Верлибр в строгом смысле у Гете едва ли где-либо встречается; Пастернак, по-видимому, имеет здесь в виду различные формы того, что позднее стали называть «дольником», для Гете, действительно, очень характерного. Иначе говоря, даже частичное расшатывание традиционного ритма представляется Пастернаку недопустимым абстрагированием поэтического голоса. Эпитет «водянистый» перекликается с идеей произвольного «растекания» вширь, не контролируемого «глазами» поэтического слуха. Мы видели, что Пастернак, в силу отчетливой ориентации своего духовного мира на принцип горизонтального скольжения, главную опасность для себя усматривал не в соблазне сверхчеловеческого (карикатурно преувеличенным воплощением этой тенденции был Рукавишников с его космическими драмами, своего рода непреднамеренной пародией финала «Фауста»), но в самопроизвольном «растекании». Субъект не должен никогда забывать о поддержании деликатного инерционного равновесия; иначе «нечаянное» продвижение «на Парнас», со ступеньки на ступеньку, вымарывая и отбрасывая то, что пройдено, действительно потеряет направление. Уберечь от этой опасности и были призваны всевозможные аскетические «упражнения», от подчинения себя на время крайнему философскому ригоризму до подчинения инерционному ритмическому стержню традиционных поэтических размеров.
Как обычно, метафизический смысл проблемы выступает у Пастернака в неразрывном единстве с ее этическим аспектом. «Подчинение ритмической форме» осмысливается как символический жест провозглашения себя «невольником форм» перед лицом действительности, облаченной в «форму невольниц». Ритм, именно в силу его всеприсутствия в качестве напоминания о всеобщей музыкальности мира, становится формой, такой же универсальной, как категориальная форма предметов. Ритм выступает в качестве самого мощного и универсального носителя художественной апперцепции (то есть акта отнесения каждого нового произведения к прежнему художественному опыту), подчинившись которой, художник обретает эмпатический контакт с плененной действительностью, подчиненной апперцепции мыслительной.

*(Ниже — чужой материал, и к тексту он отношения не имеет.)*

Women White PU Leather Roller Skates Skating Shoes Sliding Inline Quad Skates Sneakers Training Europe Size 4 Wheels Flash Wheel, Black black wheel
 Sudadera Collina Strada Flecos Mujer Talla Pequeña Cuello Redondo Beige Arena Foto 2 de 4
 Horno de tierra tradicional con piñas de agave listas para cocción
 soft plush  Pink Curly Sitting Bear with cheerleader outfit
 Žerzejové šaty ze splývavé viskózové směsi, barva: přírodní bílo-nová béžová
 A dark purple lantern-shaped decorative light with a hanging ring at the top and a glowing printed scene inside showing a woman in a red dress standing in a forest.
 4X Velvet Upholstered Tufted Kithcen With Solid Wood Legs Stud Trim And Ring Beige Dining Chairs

В письме к С. Чиковани 6.10.57 Пастернак вспоминал, что грузинский поэт придавал важное значение «интонации». Пастернака это слово не удовлетворяет, он находит его «побочным и бедным» (можно предположить, что в интонации Пастернака не устраивает ее наполненность чувственным тоном); он полагает, что смысл, который в него вкладывал Чиковани, мог быть близок к его собственному пониманию проблемы — то есть к тому, что сам Пастернак неоднократно определял как ритм: «Может быть, он имел в виду то, что имело власть технического обета надо мной в период „Сестры моей — жизни“» (СС 5: 555). Характерно здесь слово ‘обет’, высвечивающее идею подчинения поэтическому ритму как служения.
При всех изменениях в характере поэтического голоса Пастернака от книги к книге — изменениях намеренных и сознательных, — при всех отрицательных самооценках каждой предшествующей творческой «ступени», традиционность стиховой просодии (вернее, ее метрического компонента) остается неизменной чертой, проходящей через всю поэзию Пастернака. Седакова (1998: 205) замечает по этому поводу, что явно выраженное и им самим декларированное тяготение позднего Пастернака к прозе, казалось бы, должно было открыть дорогу свободному стиху; между тем версификация поздней лирики «совершенно консервативна». То же можно сказать и о ранних стихотворных книгах. Здесь, правда, встречаются редчайшие исключения, вполне подтверждающие правило; таково импульсивное удлинение начальной строки в одном из стихотворений цикла «Разрыв» («Мой друг, мой нежный, о, точь-в-точь как ночью, в перелете с Бергена на полюс»), как будто эмоциональный порыв выплескивается из берегов метра, — но уже начиная со следующей строки, стихотворение твердо становится на рельсы шестистопного ямба; таково и заключительное стихотворение «Сестры моей — жизни»), «Конец», чей верлибр иконически передает распад того мира, которым жила книга.